Antes de seguir contando a história. Esse assunto vem ocupando os espaços dos noticiários desde sábado, quando o ministro fez a declaração em uma conversa com a revista Istoé. Na terça-feira (14/07), eu recebi um WhatsApp de um jovem que conheci em uma palestra que fiz em curso de jornalismo do interior do Brasil. Ele me pediu para “trocar em miúdos” – facilitar o entendimento – o que está acontecendo. Voltando à história. O vice-presidente é general da reserva, pessoa esclarecida. Não costuma dar tiro em mensageiro. Então por que ele e os comandantes do Exército, da Marinha e da Aeronáutica estão disparando fogo pesado contra o ministro Gilmar Mendes, que inclusive já havia falado sobre a questão do genocídio em abril, na ocasião da demissão do Mandetta? As Forças Armadas do Brasil, apoiadas pelos Estados Unidos, derrubaram o então presidente da República João Goulart, o Jango, em 1964, e até 1985, quando o país se redemocratizou, os militares se envolveram em torturas de presos políticos, mortes, censura feroz à imprensa e outras arbitrariedades. Levaram três décadas para limpar o nome. Com o passado de arbitrariedades que possuem, se houver a acusação de genocida no caso do coronavírus nos tribunais internacionais, ela cola na imagem dos militares como um chiclete. Esse é o xis da questão.

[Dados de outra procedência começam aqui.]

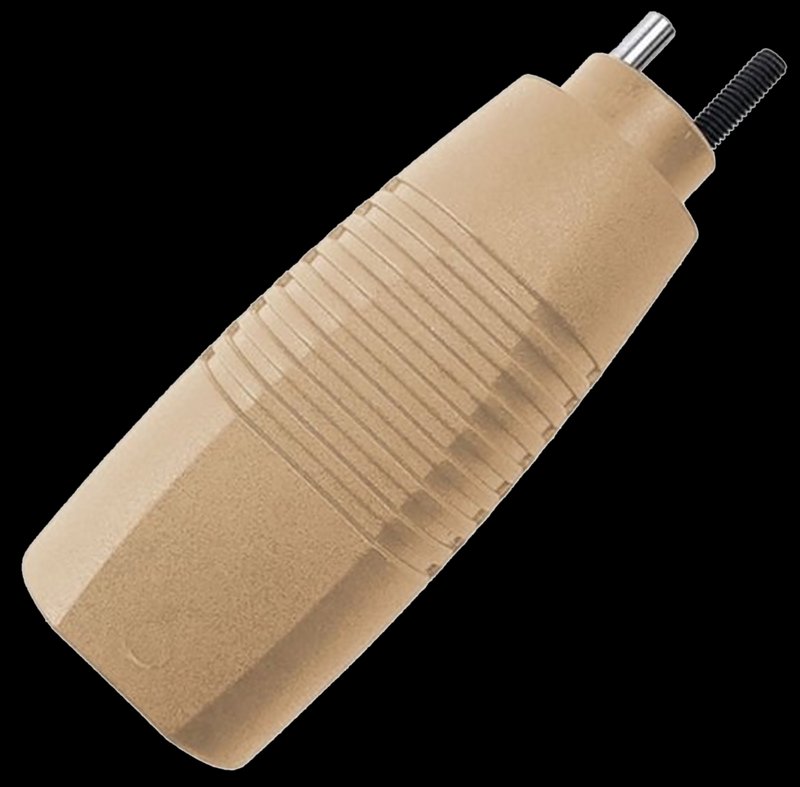 B&T Firearms TP9N Polymer Foregrip Under-Barrel Coyote Tan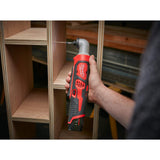 Milwaukee Impact Wrench & Driver Milwaukee M12™ Cordless Sub Compact Right Angle Impact Driver 12V - M12 BRAID-0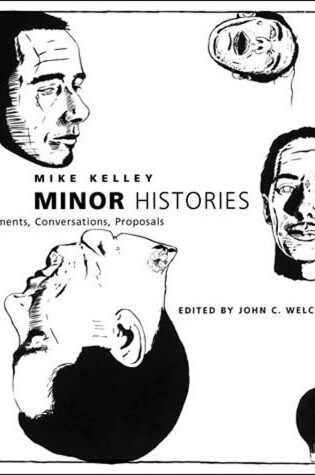 Cover of Minor Histories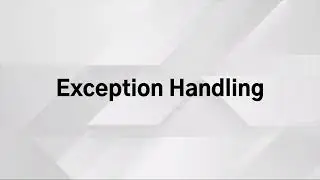Snowflake - Procedures using SQL - Exception Handling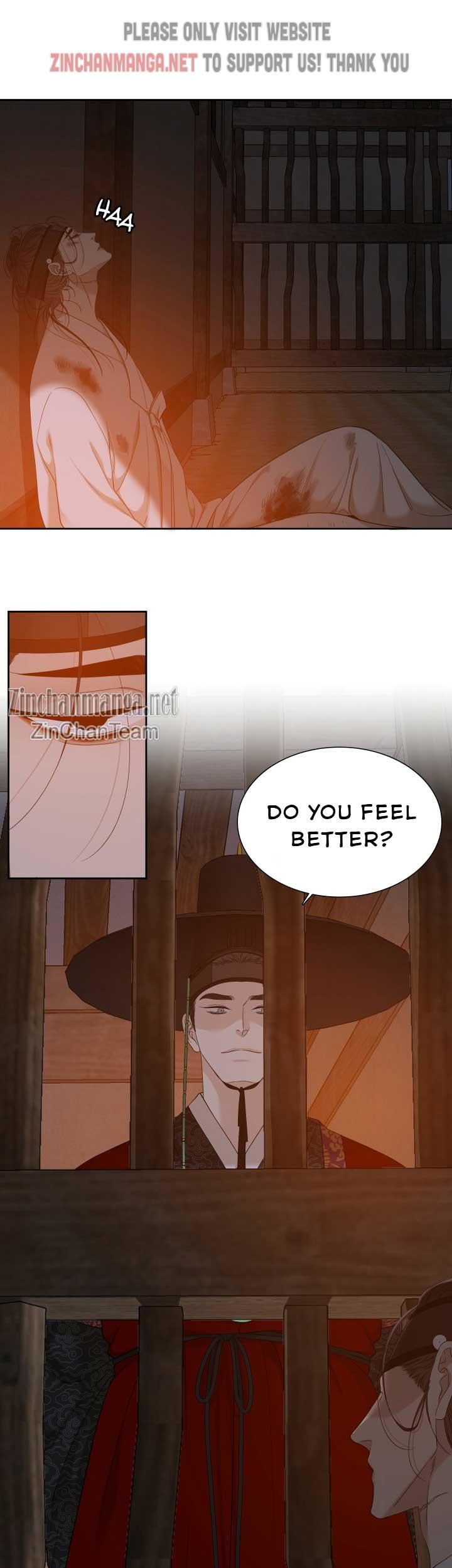 Read Taming the Tiger chapter 77.6 image 18 on Lezhin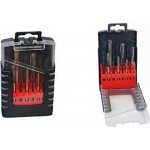 Bučovice Tools 104 001 Sada str. závitníků a vrtáků HSS D-1, M3-M8, DIN 371 - DIN 376 – Hledejceny.cz
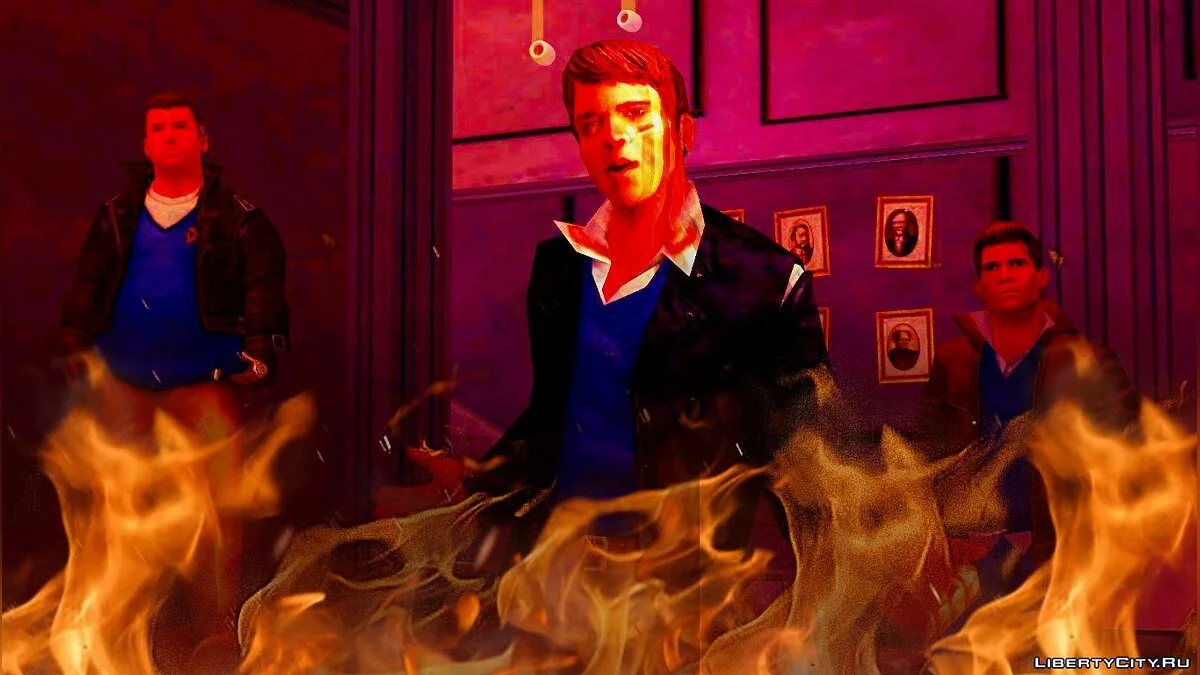 Hardcore mode v3.0 / Bully: Scholarship Edition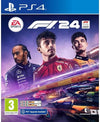 Ea Sports F1 24 PS4/PS5 UK/FR Usato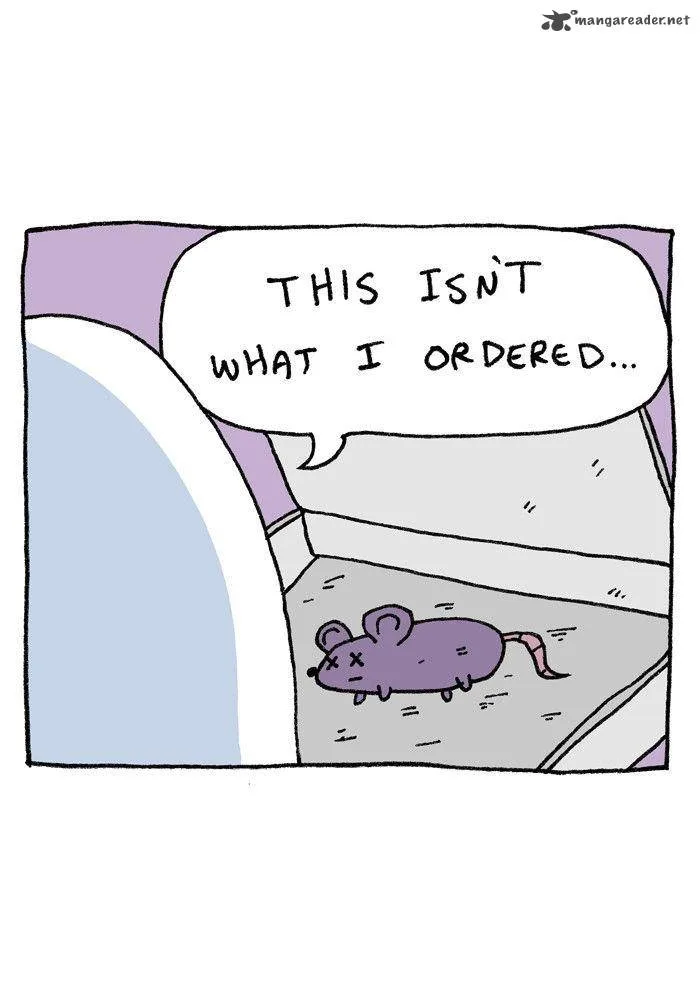 Library Ghost Chapter 29 page 6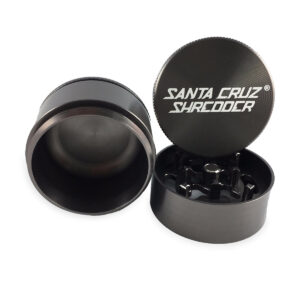 Santa Cruz Shredder 3 Piece Grinder - Choose Small, Medium or Large - Image 5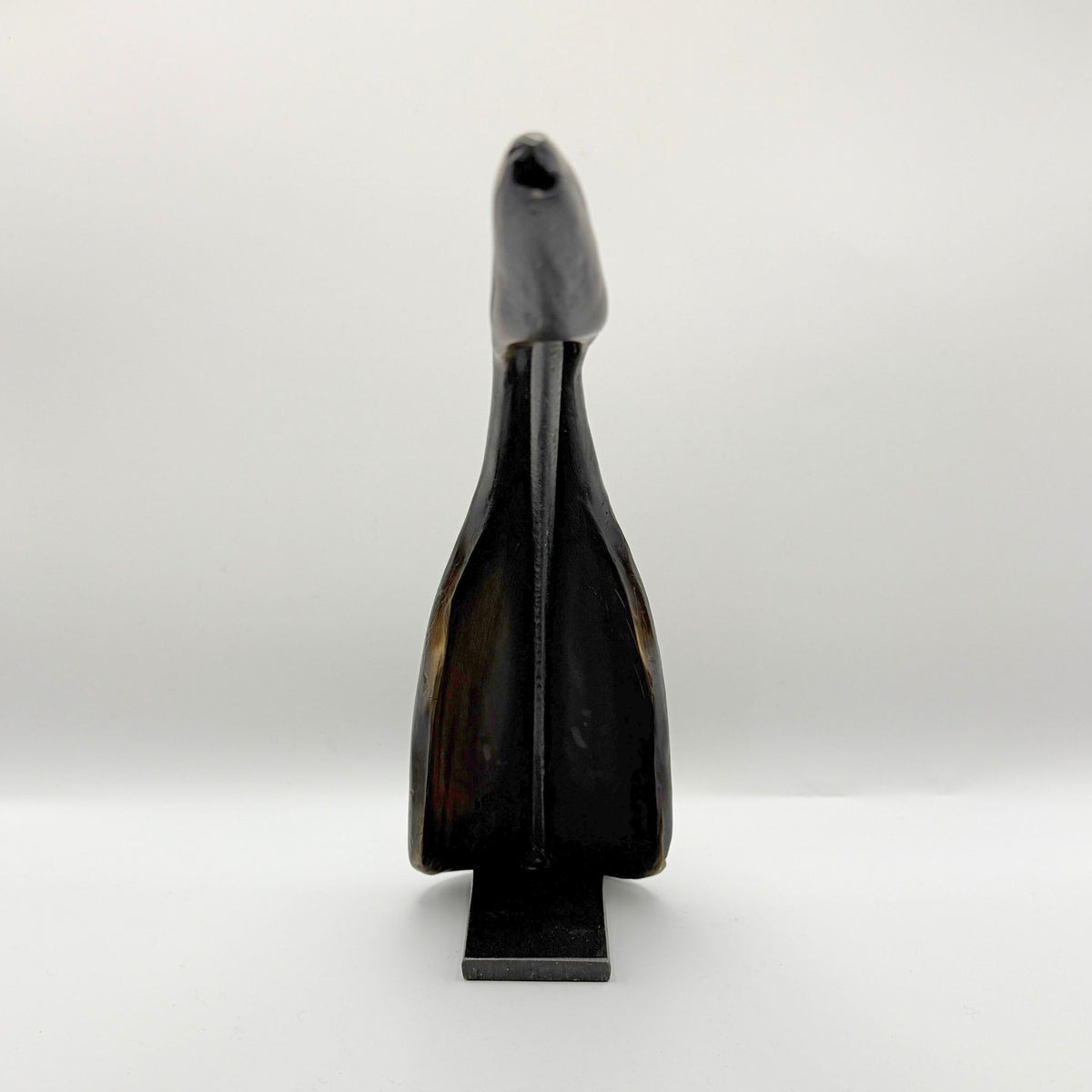 Four Directions Bronze Buffalo Horn by Michael "Calico" Patton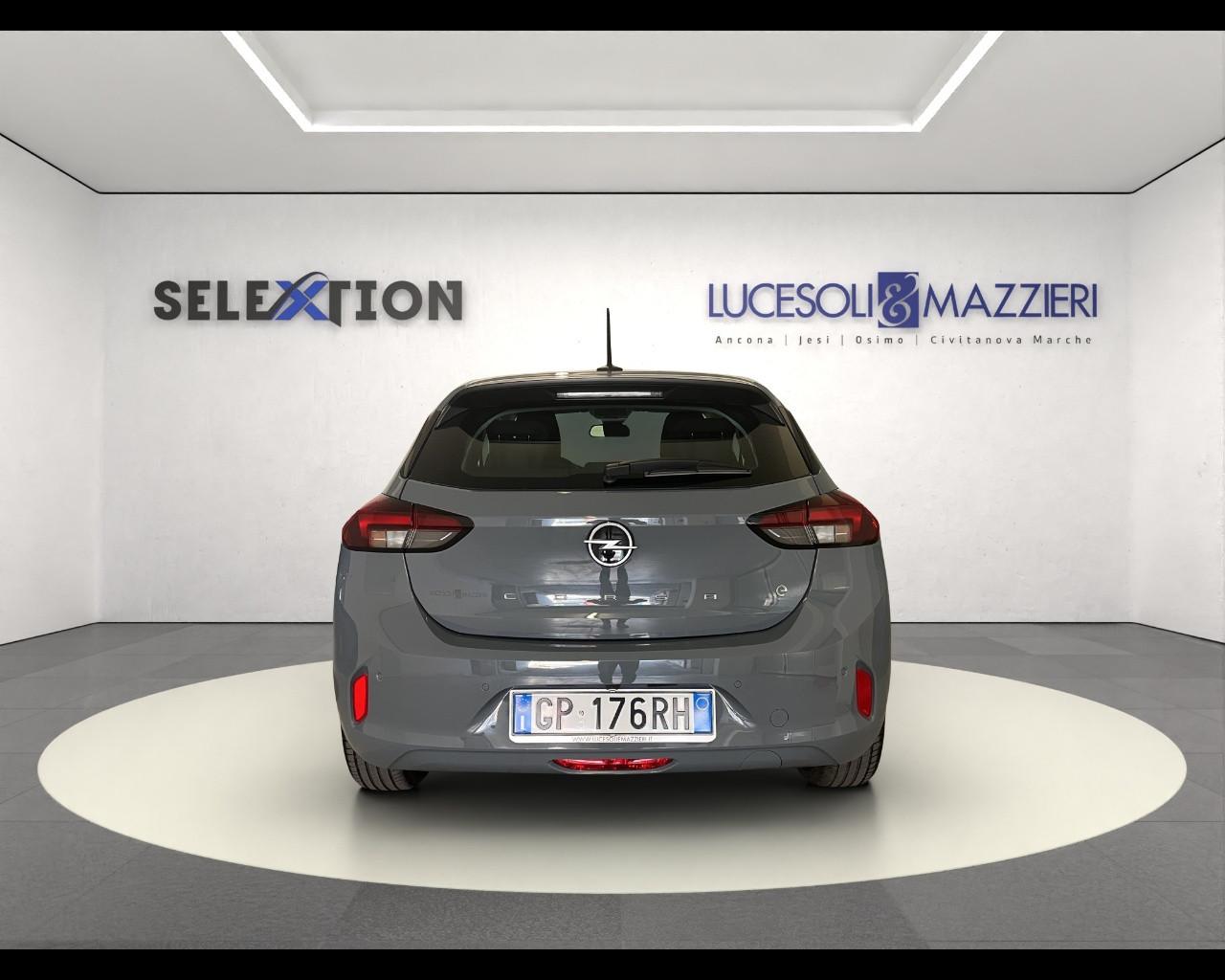 OPEL Nuova Corsa Electric 136cv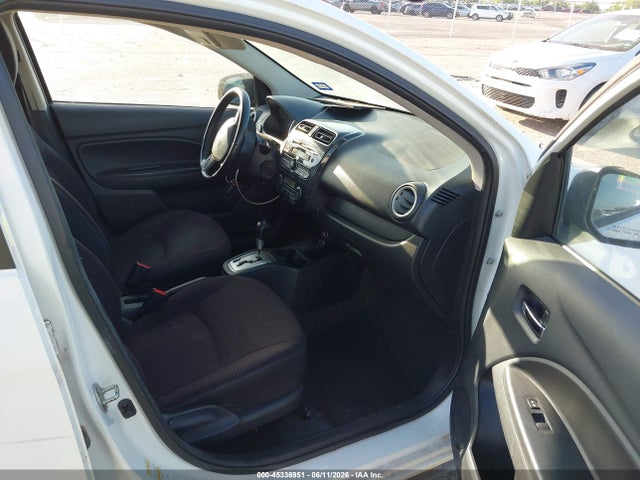 45336951 :رقم المزاد ، ML32A4HJ0EH015992 vin ، 2014 Mitsubishi Mirage Es مزاد بيع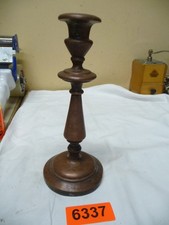 6337.    Alter  Kerzenleuchter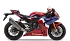 Мотоцикл Honda CBR1000RR-R FIREBLADE SP RED - 2
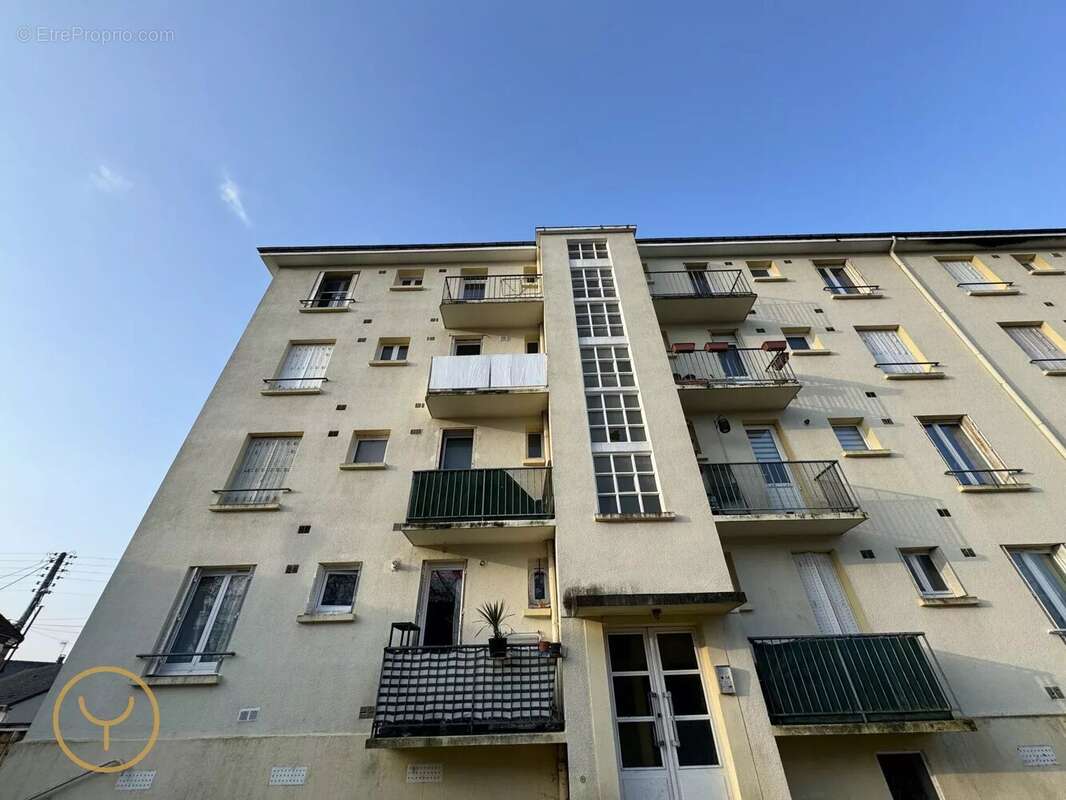 Appartement à ROMILLY-SUR-SEINE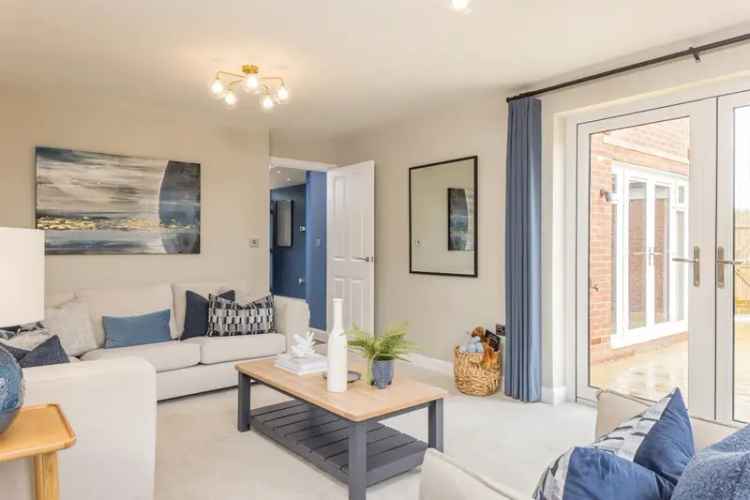 4 Bed House for Sale Energy Efficient Home with Garage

Bolsonaro é capitão da reserva do Exército e Mourão, general. Até aí, tudo bem. Estão no seu direito de votar e serem votados, como garante a Constituição de 1988. Logo que o presidente assumiu, transformou o seu governo em uma agência de empregos para militares da reserva e da ativa das Forças Armadas e das policias militares. Hoje somam quase 3 mil. Logo, a presença no governo de generais e outros militares começou a ganhar as manchetes dos jornais. Muitos falaram, inclusive Mourão, que o destino do governo seria debitado na conta das Forças Armadas. Oficialmente elas não estão no governo. Mas no imaginário popular estão. Aqui é o seguinte. Se o governo Bolsonaro fracassar por uma questão econômica ou política, faz parte do jogo. Mas o que acontece é que o presidente se envolveu em atos considerados ilegais, como acompanhar apoiadores que pediram o fechamento da Câmara dos Deputados, do Senado e do STF. E defender torturadores do período militar, como o coronel Carlos Alberto Brilhante Ustra (falecido em 2015). Soma-se a isso a existência de uma máquina de fabricação de fake news operada pelo Gabinete do Ódio, como ficou conhecido o círculo íntimo de pessoas que cercam o presidente. Lembro o seguinte: falhar por incompetência é do jogo. Cometer atos contra a lei é crime. Os militares que foram para o governo, incluindo o vice Mourão, sabiam quem era Bolsonaro – há várias matérias na internet. Mas apostaram que podiam controlá-lo. Não conseguiram. Perderam para a soma de forças políticas que dão sustentação ao governo, que é formada por nazistas, terraplanistas, ocultistas, neoliberais, saudosistas do golpe de 64 e oportunistas de todos os calibres.
A soma disso tudo é que Mourão está com um belo pepino nas mãos, que pode comprometer a carreira política dele. É uma situação complexa, que exige do repórter conhecimento para não escrever bobagem. Lembro que a maioria dos colegas das redações do Brasil são jovens ou de meia-idade. Portanto, começaram a trabalhar em uma época que os principais assuntos que fazem parte da pauta diária dos jornais, rádios, TVs, sites e outras plataformas estão ligados a meio ambiente, violência urbana, globalização da economia, novas tecnologias e por aí afora. A presença dos militares do governo e o que isso significa é uma novidade e um assunto muito complicado para ser entendido pelo repórter que está na correria do dia a dia. Esse assunto foi ressuscitado por Bolsonaro. Lembro que antes do presidente se eleger, nas mesas dos botecos quando eu e outros velhos repórteres colocávamos na conversa assuntos ligados ao período em que o país foi governado pelos militares (1964 a 1985), ou se trocava de assunto ou se ficava falando sozinho. Aprendi na lida de repórter que quanto mais conhecimento se tem sobre um tema, mais fácil fica contextualizar a notícia. A contextualização valoriza a notícia e ajuda o leitor a entender a situação. Resumindo toda a nossa conversa. Mourão e os comandantes das Forças Armadas sabem que a palavra genocida cola nos militares brasileiros com facilidade devido ao Golpe de 1964. É por aí, podem anotar.